** Supplied data follows **

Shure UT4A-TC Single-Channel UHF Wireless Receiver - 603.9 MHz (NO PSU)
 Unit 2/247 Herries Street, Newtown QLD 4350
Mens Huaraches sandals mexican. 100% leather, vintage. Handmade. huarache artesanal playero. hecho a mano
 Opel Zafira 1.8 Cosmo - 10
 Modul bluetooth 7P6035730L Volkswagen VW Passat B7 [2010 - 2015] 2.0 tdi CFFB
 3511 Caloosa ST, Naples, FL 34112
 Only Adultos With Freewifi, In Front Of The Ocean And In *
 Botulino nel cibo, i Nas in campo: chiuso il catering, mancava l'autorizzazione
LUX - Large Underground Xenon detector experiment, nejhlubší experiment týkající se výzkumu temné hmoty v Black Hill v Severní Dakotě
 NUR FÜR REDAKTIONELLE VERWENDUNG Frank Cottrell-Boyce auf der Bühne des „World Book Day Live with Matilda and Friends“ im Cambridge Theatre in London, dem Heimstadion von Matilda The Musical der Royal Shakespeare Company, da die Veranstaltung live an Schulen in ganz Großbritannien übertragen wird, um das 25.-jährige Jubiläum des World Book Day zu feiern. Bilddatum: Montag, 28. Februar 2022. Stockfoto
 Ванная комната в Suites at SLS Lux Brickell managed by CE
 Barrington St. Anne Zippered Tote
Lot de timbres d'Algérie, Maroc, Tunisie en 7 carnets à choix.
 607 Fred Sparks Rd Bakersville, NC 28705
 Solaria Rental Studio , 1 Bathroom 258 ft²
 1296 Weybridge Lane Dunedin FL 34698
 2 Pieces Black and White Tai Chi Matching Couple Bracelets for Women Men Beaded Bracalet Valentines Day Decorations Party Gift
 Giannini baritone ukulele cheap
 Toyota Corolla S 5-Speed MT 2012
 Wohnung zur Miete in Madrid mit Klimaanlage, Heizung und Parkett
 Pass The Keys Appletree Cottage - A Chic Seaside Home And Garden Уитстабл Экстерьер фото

** End of Supplied data **

• **About this task**
Set down, exactly as they stand above, the lines starting with the line with "Modul bluetooth 7P6035730L" and going on through the line with "LUX - Large", and no others.

• **Reply**
 Modul bluetooth 7P6035730L Volkswagen VW Passat B7 [2010 - 2015] 2.0 tdi CFFB
 3511 Caloosa ST, Naples, FL 34112
 Only Adultos With Freewifi, In Front Of The Ocean And In *
 Botulino nel cibo, i Nas in campo: chiuso il catering, mancava l'autorizzazione
LUX - Large Underground Xenon detector experiment, nejhlubší experiment týkající se výzkumu temné hmoty v Black Hill v Severní Dakotě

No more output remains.